The charge was a composite drawn from Bloor v. Falstaff Brewing Corp., 601 F.2d 609, 613, 614 (2d Cir. 1979); Perma Research & Dev. Co. v. Singer Co., 308 F. Supp. 743, 748-749 (S.D.N.Y. 1970); NCNB Natl. Bank of N.C. v. Bridgewater Steam Power Co., 740 F. Supp. 1140, 1151-1152 (W.D.N.C. 1990); Van Valkenburgh Nooger & Neville, Inc. v. Hayden Publishing Co., 30 N.Y.2d 34, 45-46 (1972).
The only plausible suggestion that Macksey made for an addition to the charge spoke of "diligence" and would not have made any material change in the meaning.

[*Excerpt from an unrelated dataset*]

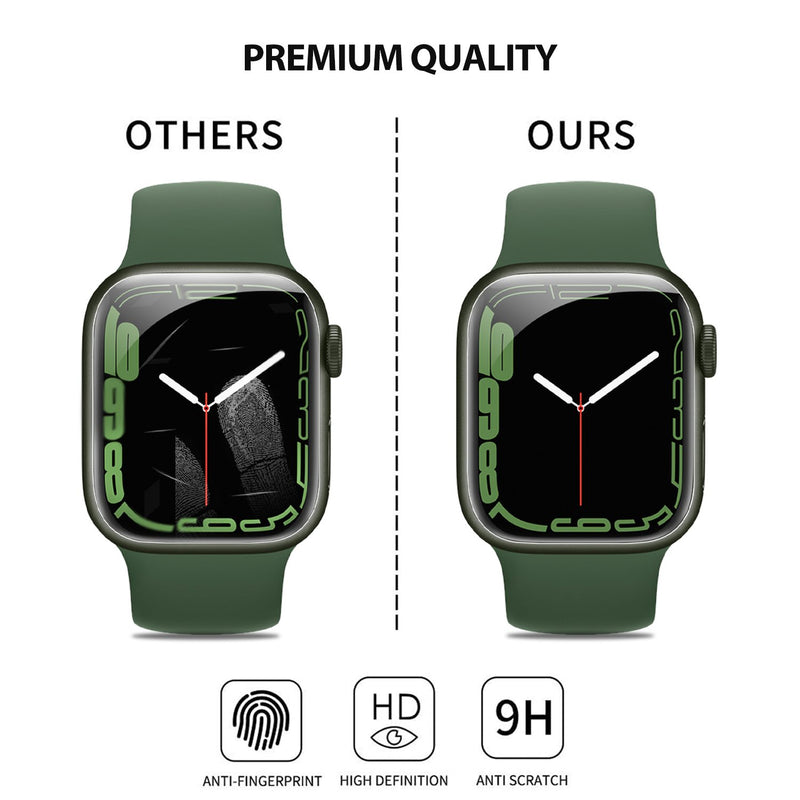 Tough On Apple Watch Series 8 / 7 45mm Screen Protector Nano Xtreme Guard Black - Toughonstore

[Note 17] Macksey now tries to fault the investors for failing, after the legal death of the tender offer, to make a new form of investment that had in fact been rejected in the course of creating the Agreement. Thus there was testimony at trial that Egan and Burr had considered making a direct contribution to capital but had decided against it for a number of reasons, whose materiality Macksey appears not to question. See Allied Communications Corp. v. Continental Cellular Corp., 821 F.2d 69, 72 (1st Cir. 1987) (applying Massachusetts law and interpreting a contract with a "best efforts" clause, the court refused to imply a promise -- that the defendant would remain in business -- which the parties had apparently considered but rejected in negotiating the agreement).
[Note 18] We are sensible of the strict requirements for the allowance of a directed verdict or judgment n.o.v. See Poirier v. Plymouth, 374 Mass. 206 , 212 (1978); Dobos v. Driscoll, 404 Mass. 634 , 656 (1989).